Saadet Partisi Genel Başkanı Temel Karamollaoğlu, çeşitli ziyaretlerde bulunmak üzere geldiği Edirne’de, düzenlediği basın toplantısında, hükümet politikalarını eleştirerek gündeme ilişkin açıklamalarda bulundu.

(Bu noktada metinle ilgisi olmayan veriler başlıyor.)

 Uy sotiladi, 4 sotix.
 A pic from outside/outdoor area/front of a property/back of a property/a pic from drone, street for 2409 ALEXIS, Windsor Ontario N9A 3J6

Temel Karamollaoğlu, şunları söyledi:
“Son zamanların en önemli hadisesi, Amerika’nın, İngiltere ve Fransa ile Suriye’yi vurması oldu. Biz bunu hakikaten Müslümanlar için önemli bir gecenin sabahında, sanki sadece Suriye’de, Eset rejiminden değil bütün Müslümanlardan öç almak için yapılan bir saldırı olarak gördük ve lanetledik. Bizi üzen hükümetin yaklaşımı oldu. Yani onlar bunu olumlu karşıladıklarını ifade ettiler, bu kanaate nasıl gelir, idrak etmek, anlamak mümkün değil. Fransız devlet başkanının ‘Biz bu saldırıyla Ruslarla Türklerin arasını açtık’ diye bir ifade kullanması, bunların sinsi ve haince davrandıklarının bir işareti. Ortadoğu’da bu hadiseler aniden meydana gelmiyor, bir geçmişi var. Bu hadiselerin ulaşmak istediği bir hedef var. Münferit olarak değerlendirmeye kalkarsak çok hata yaparız. Konu ne Eset, ne IŞİD, PYD; bunların hepsi bahane. Esas hedef Irak’tan sonra Suriye’nin parçalanıp bölünmesiydi. Onun arkasından da sıra hiç kimsenin de tereddüdü olmasın, Allah muhafaza etsin, bize geliyor. Türkiye ve İran’a geliyor.
Toplantıda ‘Hükümet yeniden Milli Görüş gömleğini giyer mi?’ sorusu üzerine Karamollaoğlu, şu yanıtı verdi:
“Bu arkadaşlarımız herhalde biraz kilo aldılar, bizim gömlek bunlara sığmaz, giremezler, yırtılır. O kadar büyük, ciddi yanlış adımlar attılar ki telafisi bu arkadaşlar tarafından mümkün değil. Biz bir ittifak kurabilir miyiz? Garip geliyor ama arkadaşlar derse ki ‘Biz size devleti teslim ettik, gelin beraber yönetelim, kararları da siz alın’ o zaman varız. Ama sil baştan her şeyi değiştirmek şartıyla. Başka türlü ülkenin düze çıkması mümkün değil. Bir numaralı mesele adaletin tesisidir. Adalet olmadan bir ülkede huzur olmaz. İkincisi işin ehline verilmesidir. Bu arkadaşlar işin ehline vermeyi istemiyorlar artık. Çünkü ehil insan geldiğinde ‘Bunların yapma dediği işi yaparım, ancak böyle düzelir’ diyor. Üçüncüsü de kucaklaşma. Bu memlekette bizim farklı fikirlerde, inançlarda olan insanlar olarak kucaklaşmaya ihtiyacımız var. Huzur başka türlü sağlanmaz ki.”